■ **Activity**
Once you have read the listing, retype all of it exactly.
* * * * * * * * *
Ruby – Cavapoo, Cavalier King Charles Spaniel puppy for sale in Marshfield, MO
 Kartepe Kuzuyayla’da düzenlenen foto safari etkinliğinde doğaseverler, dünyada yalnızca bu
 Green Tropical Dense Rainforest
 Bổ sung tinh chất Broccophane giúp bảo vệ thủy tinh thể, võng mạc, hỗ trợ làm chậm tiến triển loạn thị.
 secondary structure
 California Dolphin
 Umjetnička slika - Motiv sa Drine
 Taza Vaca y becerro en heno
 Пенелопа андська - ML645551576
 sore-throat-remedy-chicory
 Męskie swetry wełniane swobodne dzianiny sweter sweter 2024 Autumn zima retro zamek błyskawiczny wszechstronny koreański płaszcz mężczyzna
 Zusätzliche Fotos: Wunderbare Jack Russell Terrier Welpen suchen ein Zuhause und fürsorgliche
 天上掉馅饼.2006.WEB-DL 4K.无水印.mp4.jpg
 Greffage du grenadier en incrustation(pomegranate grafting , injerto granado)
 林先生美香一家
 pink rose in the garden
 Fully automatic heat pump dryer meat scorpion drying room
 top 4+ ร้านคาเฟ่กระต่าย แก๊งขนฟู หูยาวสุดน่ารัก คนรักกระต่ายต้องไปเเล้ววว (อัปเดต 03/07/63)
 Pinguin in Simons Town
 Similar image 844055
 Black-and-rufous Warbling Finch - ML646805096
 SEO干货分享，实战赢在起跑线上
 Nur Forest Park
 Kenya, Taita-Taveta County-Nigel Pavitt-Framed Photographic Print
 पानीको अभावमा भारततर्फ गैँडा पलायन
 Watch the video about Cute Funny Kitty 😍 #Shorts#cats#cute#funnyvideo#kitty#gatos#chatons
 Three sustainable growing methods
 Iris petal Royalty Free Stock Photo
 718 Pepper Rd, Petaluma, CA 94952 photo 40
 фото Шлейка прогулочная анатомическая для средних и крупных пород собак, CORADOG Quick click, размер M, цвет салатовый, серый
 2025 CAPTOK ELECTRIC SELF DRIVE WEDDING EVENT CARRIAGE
* * * * * * * * *
■ **Exercise result**
Ruby – Cavapoo, Cavalier King Charles Spaniel puppy for sale in Marshfield, MO
 Kartepe Kuzuyayla’da düzenlenen foto safari etkinliğinde doğaseverler, dünyada yalnızca bu
 Green Tropical Dense Rainforest
 Bổ sung tinh chất Broccophane giúp bảo vệ thủy tinh thể, võng mạc, hỗ trợ làm chậm tiến triển loạn thị.
 secondary structure
 California Dolphin
 Umjetnička slika - Motiv sa Drine
 Taza Vaca y becerro en heno
 Пенелопа андська - ML645551576
 sore-throat-remedy-chicory
 Męskie swetry wełniane swobodne dzianiny sweter sweter 2024 Autumn zima retro zamek błyskawiczny wszechstronny koreański płaszcz mężczyzna
 Zusätzliche Fotos: Wunderbare Jack Russell Terrier Welpen suchen ein Zuhause und fürsorgliche
 天上掉馅饼.2006.WEB-DL 4K.无水印.mp4.jpg
 Greffage du grenadier en incrustation(pomegranate grafting , injerto granado)
 林先生美香一家
 pink rose in the garden
 Fully automatic heat pump dryer meat scorpion drying room
 top 4+ ร้านคาเฟ่กระต่าย แก๊งขนฟู หูยาวสุดน่ารัก คนรักกระต่ายต้องไปเเล้ววว (อัปเดต 03/07/63)
 Pinguin in Simons Town
 Similar image 844055
 Black-and-rufous Warbling Finch - ML646805096
 SEO干货分享，实战赢在起跑线上
 Nur Forest Park
 Kenya, Taita-Taveta County-Nigel Pavitt-Framed Photographic Print
 पानीको अभावमा भारततर्फ गैँडा पलायन
 Watch the video about Cute Funny Kitty 😍 #Shorts#cats#cute#funnyvideo#kitty#gatos#chatons
 Three sustainable growing methods
 Iris petal Royalty Free Stock Photo
 718 Pepper Rd, Petaluma, CA 94952 photo 40
 фото Шлейка прогулочная анатомическая для средних и крупных пород собак, CORADOG Quick click, размер M, цвет салатовый, серый
 2025 CAPTOK ELECTRIC SELF DRIVE WEDDING EVENT CARRIAGE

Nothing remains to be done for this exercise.